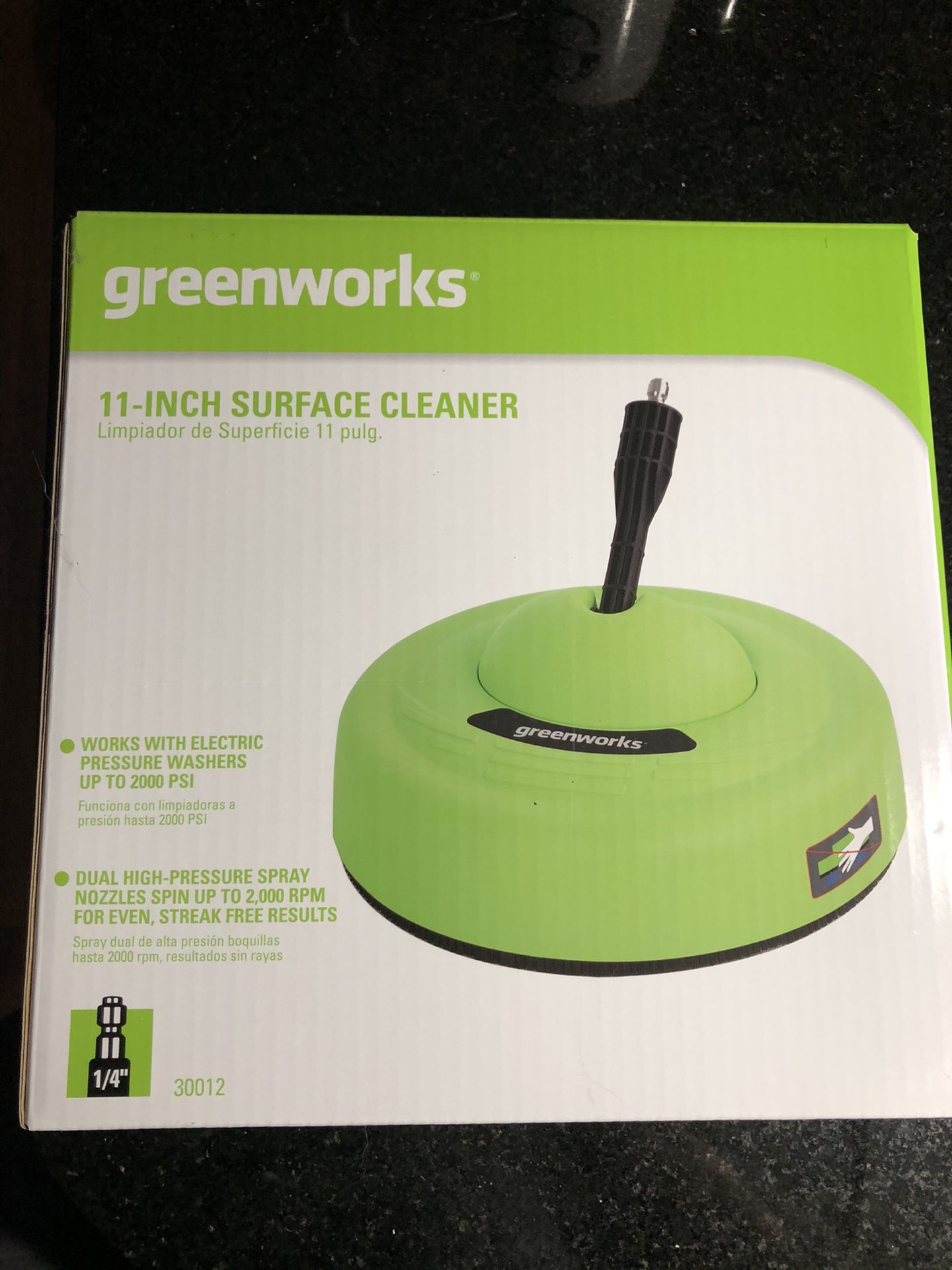 Greenworks 11 inch surface cleaner for power washer
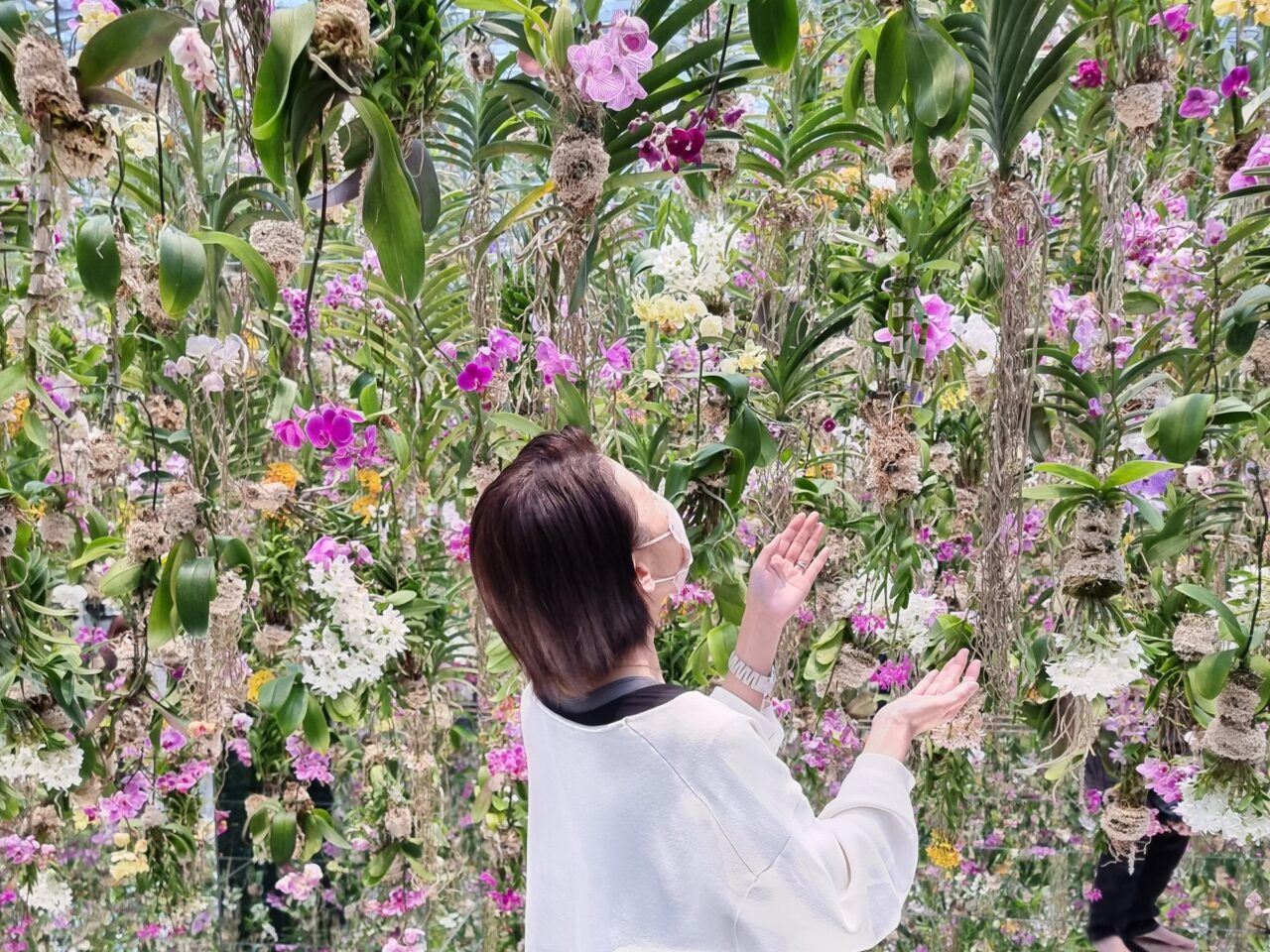 Floating in the Falling Universe of Flowers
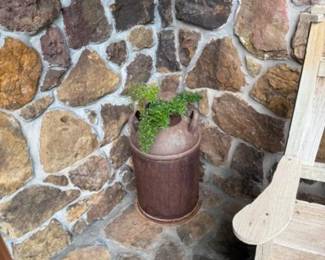 Old Milk Can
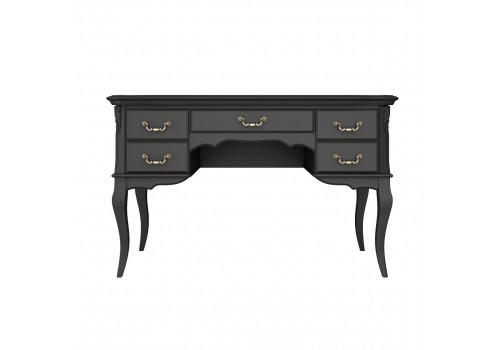 Туалетный стол пять ящиков Тиволи, Черный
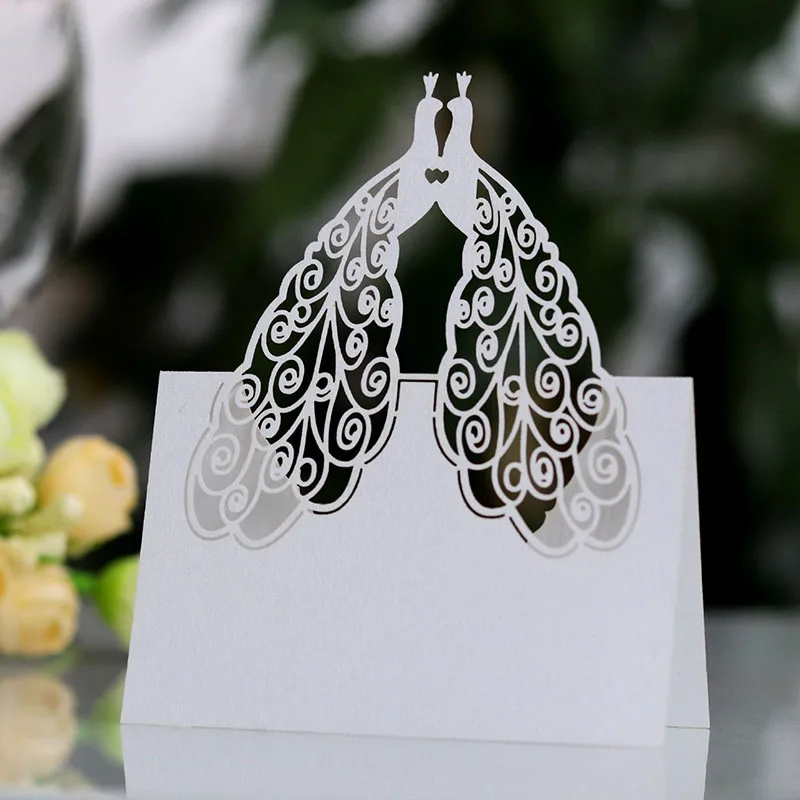 Открытки для размещения стола лазерная резка 50 шт. | Дом и сад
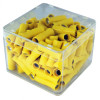 100 COSSES CYLINDRIQUES FEMELLES JAUNE D5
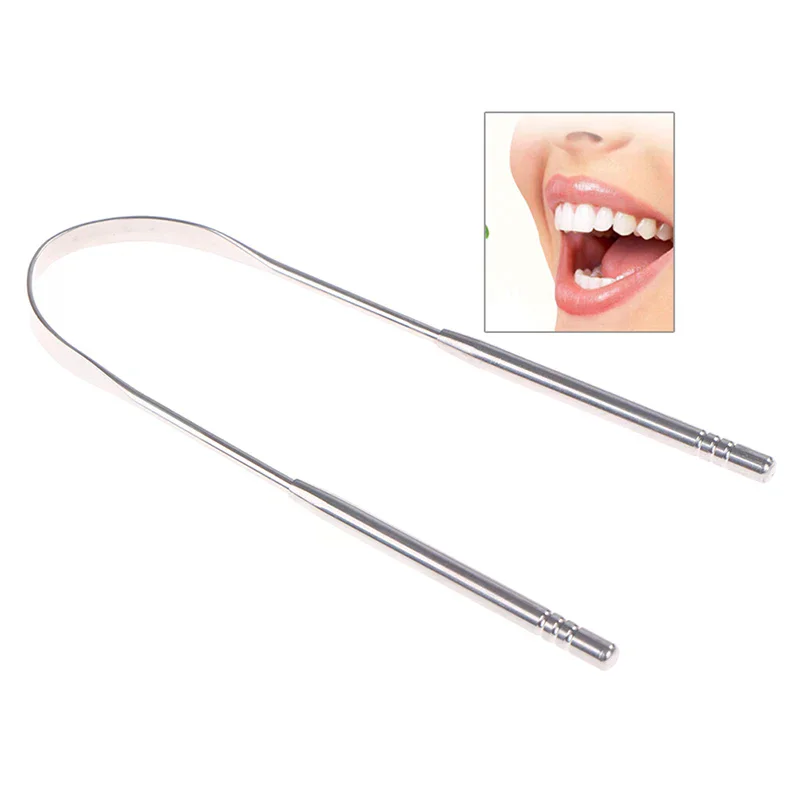 /ACR/1 Pc Stainless Steel Tongue Cleaner Scraper Oral Care Bad Breath Sweeper Tool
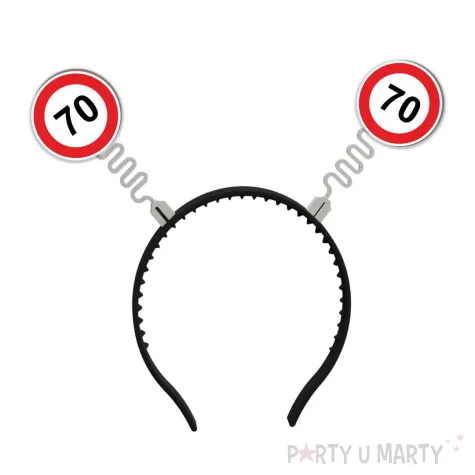 opaska party 70 urodziny traffic birthday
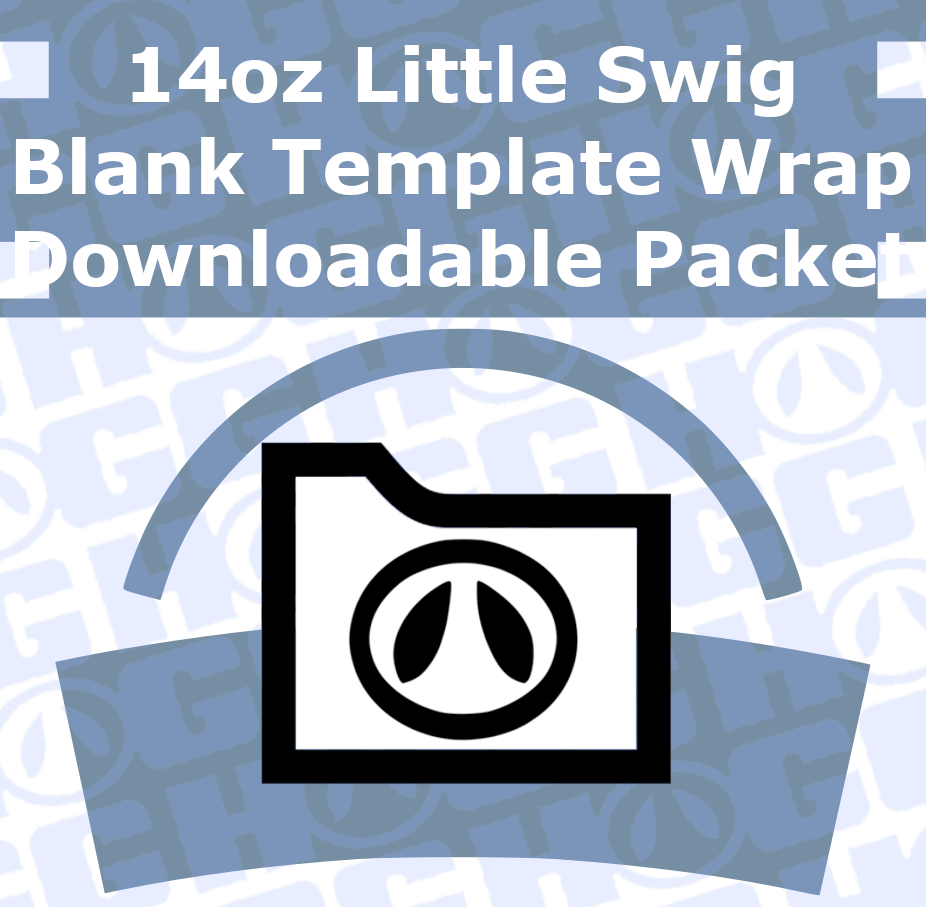 14oz Little Swig Wrap Template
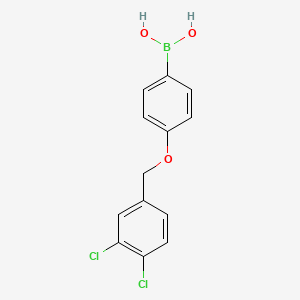 B1438071 4-(3,4-Dichlorophenylmethoxy)phenylboronic acid CAS No. 1256358-44-7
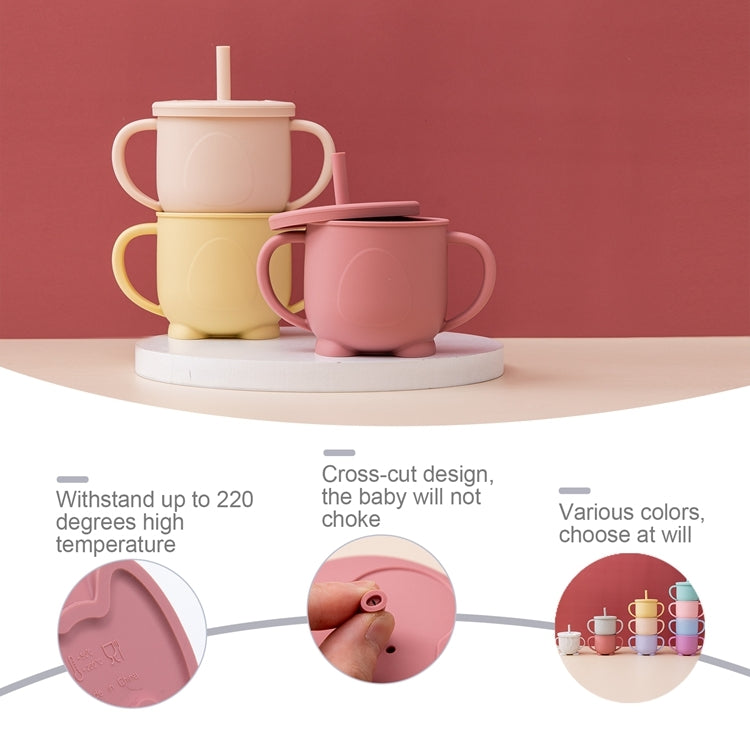 Biomom Penguin Silicone Straw Cup (3 Colours) - Pupsik Singapore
------------------------------
■ YOUR TASK:
Print the stretch of the data from the line with "Floating in the Falling Universe of Flowers" through its last line, exactly and with both ends kept. Omit pictures.

■ SOLUTION TO THIS EXERCISE:
 Floating in the Falling Universe of Flowers
 Old Milk Can
 Туалетный стол пять ящиков Тиволи, Черный
 Открытки для размещения стола лазерная резка 50 шт. | Дом и сад
 100 COSSES CYLINDRIQUES FEMELLES JAUNE D5
 /ACR/1 Pc Stainless Steel Tongue Cleaner Scraper Oral Care Bad Breath Sweeper Tool
 opaska party 70 urodziny traffic birthday
 14oz Little Swig Wrap Template
 B1438071 4-(3,4-Dichlorophenylmethoxy)phenylboronic acid CAS No. 1256358-44-7
 Biomom Penguin Silicone Straw Cup (3 Colours) - Pupsik Singapore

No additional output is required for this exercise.